Wednesday, January 03, 2007

Aaron's Magazine of the Week :: Captain Future Winter 1941

Captain Future Winter 1941The Magazine of the Week is the Winter 1941 issue of Captain Future, with cover story "Captain Future and the Seven Space-Stones" by Edmond Hamilton (cover art by Earle K. Bergey).

Captain Future was the only strictly science fictional hero pulp, if you don't count Flash Gordon magazine, which lasted only one issue. The lead story of every Captain Future magazine was by Edmond Hamilton, a respected Golden Age SF author (and husband of another respected Golden Age author, Leigh Brackett, best remembered today for writing the first draft of the screenplay for Star Wars: The Empire Strikes Back). Hamilton's lead story always starred our hero Captain Future, but each issue was filled out with stories by other authors not involving Captain Future. Notably, one of the filler stories in the Magazine of the Week is "Not Yet the End," the first published story by Fredric Brown, one of my favorites (discussed in the August 16 Magazine of the Week).
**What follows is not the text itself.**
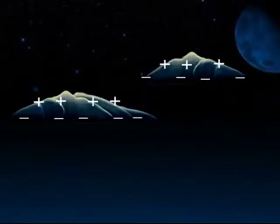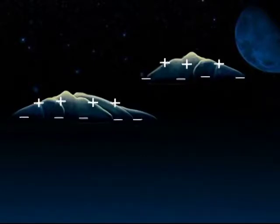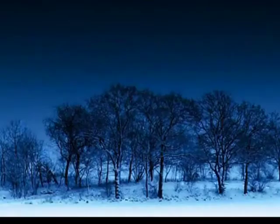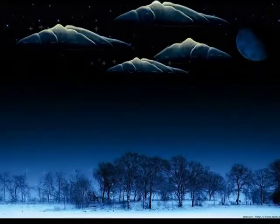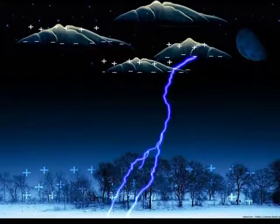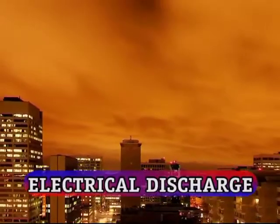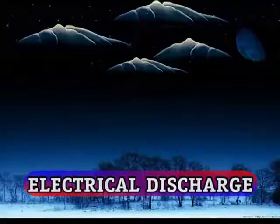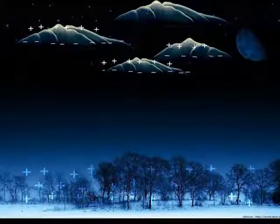Static electricity is at work here. The positive charge is on one side and the negative charge is on the other side. When positive and negative come together, electricity is produced. Now we can understand why lightning strikes from the clouds.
We are nearing the end of our introduction to the pulp magazines. There are many other genres and important authors from the pulp era we have yet to discuss, but I have to cut this history off somewhere. However, there is one more figure from the pulps I cannot resist mentioning. Next week's Magazine of the Week will feature one of the most prolific of the pulp authors, someone who certainly was not the best of the pulp writers but may end up having the greatest impact, because he founded a religion that has hundreds of thousands of followers today.